Deputy Smith would like to see the Enterprise service move into the west. What a pity that the Dundalk-Bundoran line was ever lifted. I am old enough to remember it. It runs through the parish I live in. One wonders whether it needs to be brought back in terms of the regions because it certainly linked people through to where the Enterprise runs at present. Recently, there were calls for submissions to Transport Infrastructure Ireland, TII, about the future of train services. Did Retail Northern Ireland and Retail Excellence Ireland make submissions because it is very easy to miss the boat? I am glad the witnesses raised the availability of funding and the window for that because I anticipate this is what TII is looking at relative to the Enterprise service. A lot of it runs through my constituency. We were always told at local authority level that the capacity of the line is such that it cannot take any more traffic because of safety issues relating to the number of trains that can travel between destinations. There are many calls along the line for additional train stations, which will slow down the service rather than speed it up. I have often thought it was a pity that in terms of the development of the M1, nobody had the foresight to use a portion of the space along the motorway to create a new line. I do not think this is beyond the bounds of possibility. It is a question of how we can improve capacity on the line.

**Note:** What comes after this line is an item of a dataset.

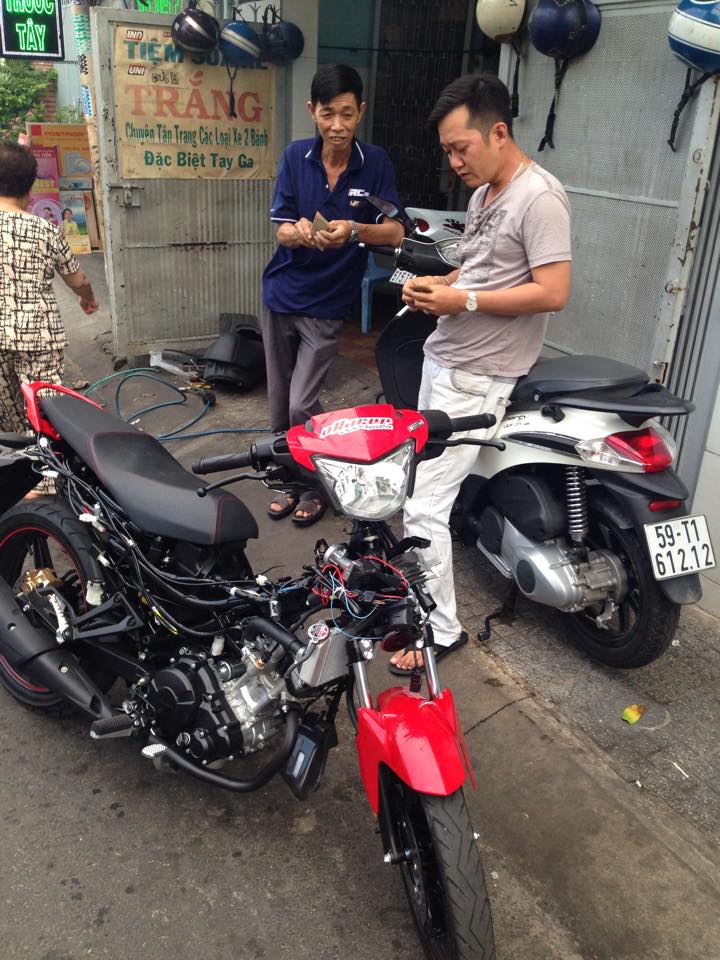 Clip Exciter 150 Can canh thao dong co 150 Fi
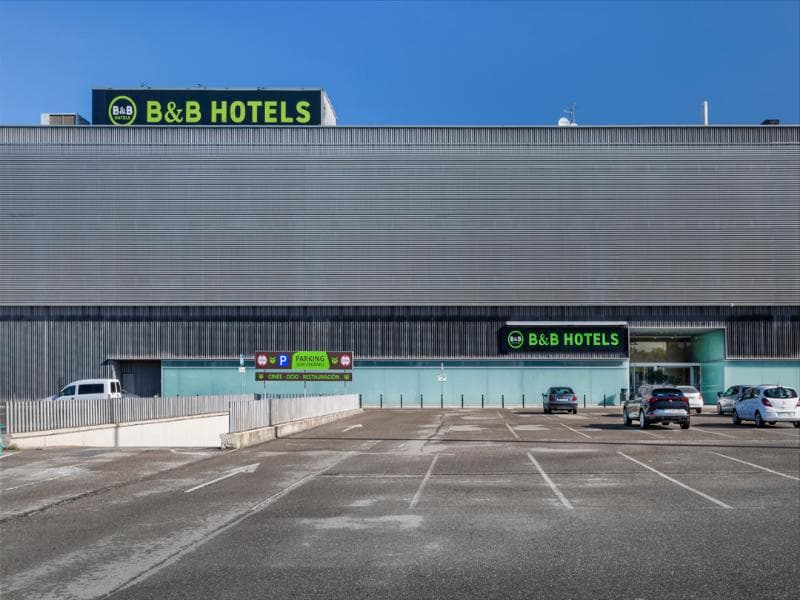 B&B HOTEL Logroño Las Cañas 4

I agree regarding the retail opportunities in tourism. Many years ago, the North-South Ministerial Council asked us what issue was non-contentious and could be dealt with in a North-South sense. Tourism was clearly the one that was identified. I do not mean to be critical but in respect of the selling of a North-South tourism product, again, I am going to be parochial and refer to the Mourne mountains and the Cooley mountains as a joint marketing area that sticks out a mile, not to mention along the rest of the Border. It has not happened. Indeed, very little effort is made when one considers the small number of airports along the east corridor - Derry, the two in Belfast and Dublin. There is no marketing of the aforementioned two region either at airports or to our diaspora in the UK. I have requested on several occasions that toll booths take sterling. It is a "no-brainer". They do not want to know about it. How are we welcoming people who are coming with sterling? Unless they have a credit card to pay with, they will not entertain it. The issue needs to be raised in respect of transport.
The issue of special status was referred to. Ms Higgins referred to it as a special position. We have heard words like "bespoke". I could go through the dictionary in this regard but I wish to make clear that Fianna Fáil's belief is that special status is needed not just for Northern Ireland but the Border region. I firmly believe that this is the approach that needs to be taken regarding getting a full buy-in to the Good Friday Agreement and the peace process in a European context. Spatial planning relative to the development of any of our towns is another issue. I have always said that if Newry benefits, Dundalk benefits and vice versa- be it in employment or trade. I have already described the triggering of Article 50 as a mayday in history because I do not think it is going to help any of us but I hope that through co-operation between the two retail sectors and working together, we can minimise negative elements and, hopefully, explore opportunities. I thank the witnesses for their presentations.
Mr. Pat Doherty:
I welcome Ms Higgins and Mr. Roberts and I particularly welcome their presentations. I was very struck by the all-Ireland nature of Mr. Roberts's presentation. With all these conversations, we are moving in the right direction. Watching the debate in Europe, I can see how they have taken on board the Good Friday Agreement, the peace process and no borders in Ireland. All of that is to be welcomed because Brexit will affect not just the North but all of Ireland. It will affect them in different ways but it will be very negative. My party and other parties have brought forward documents calling for special status within the EU. I am not hung up on names. It is the detail that counts. By and large, we are on the one page on all of that. However, one then faces the history and nature of relationships within these islands, which go back hundreds of years, and the question of how they can be maintained. There needs to be a huge focus on all of that.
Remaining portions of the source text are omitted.